If you read Indiana Prairie Farmer whether hard copy or online magazine on this site (Go to 'more prairie farmer in upper right corner), then you probably recognize Crops Corner and Hoosier Bug Beat column titles. Information for these columns comes from a rotating panel of members of the Indiana Certified Crop Advisors group.
Here's a sneak preview from March. The discussion starts here, continues tomorrow at this site and concludes in the March issue of the magazine. What do you do if someone is pushing you to avoid high-priced potash this year by going to a low volume solution? Or what do you need to know if you already use low-volume pop-up fertilizer to supply nutrients?
Jesse Grogan with LG Seeds, based in Lafayette, starts with 'it depends.' You need to know how your soil responds to potash and if you have a short or long-term management plan when it comes to soil fertility management, he advises.
"Placement and rate are important factors," Grogan says. "Pop-up fertilizers can be very effective in early season for increased plant growth in cool and wet soils, and in corn-following-corn rotations."
He notes that potash in pop-up fertilizers is usually at lower rates so seed is not injured by salt concentrations, especially in sandy or coarse soils. However, it's an issue at some point in all soils. If you're applying nitrogen in the pop-up as well, those units add to the potash units to determine total salt content applied in the row.
"If soil test levels of potash is adequate than the pop-up rate could prevail," he suggests. "If soil test levels are less than critical values, then band applications can be best to improve soil fertility value and crop response.
"Highest potassium uptake for corn is at the tassel stage, so adequate levels of potassium where roots have moisture contribute to highest yield.
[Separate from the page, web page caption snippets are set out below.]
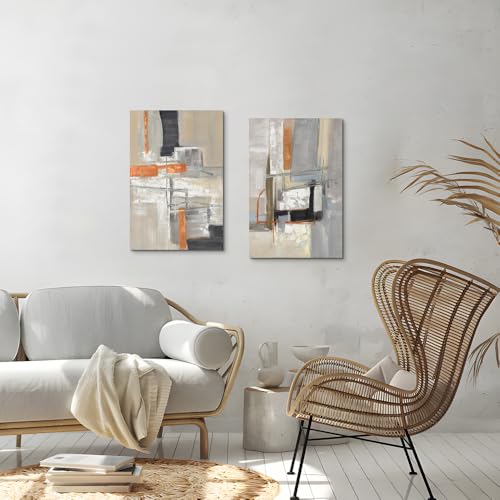 ArtSquare Modern Abstract Canvas Wall Art: 2 Pieces Hand Painted Textured Painting Colorful Minimalist Artwork for Bedroom - color: neutral, size: 24”x16”x2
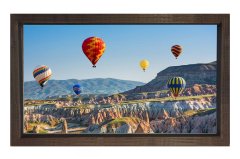 Uçan Balonlar Ve Manzara Tablosu Kahverengi Ahşap Çerçeve - 45x30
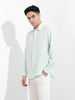 Men's Mint Blue Relaxed Fit Striped Casual Shirt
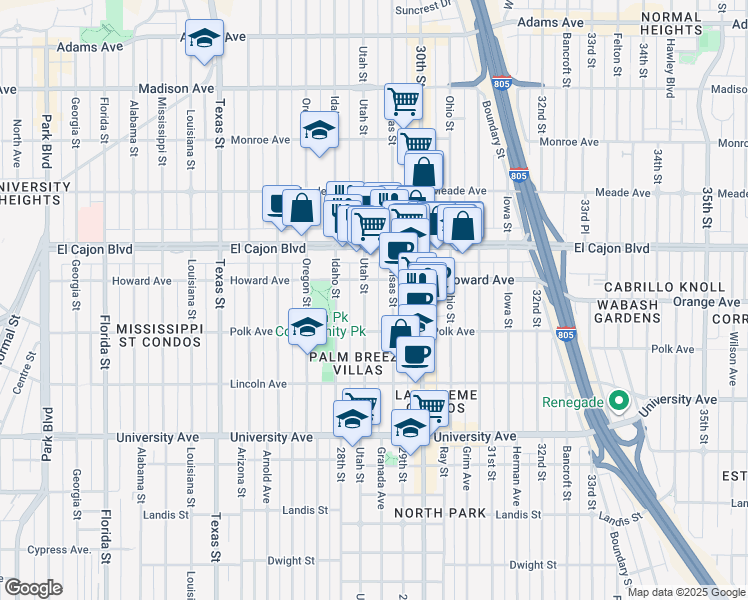 map of restaurants, bars, coffee shops, grocery stores, and more near 4157 Utah Street in San Diego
Usually long-term management programs for potash pay off in more yield and profitability than annual plans."
If you're using pop-up fertilizer and want to make sure the amount you're using won't injure corn seedlings, consult the Purdue University Corn & Soybean Field Guide. The 2011 edition contains a table that shows maximum amounts that can be applied within the row without risking injury or death of seedlings. The amount you can safely apply in the row as pop-up is far less than the total amount you would need to apply if your soil is testing low on potassium in soil tests.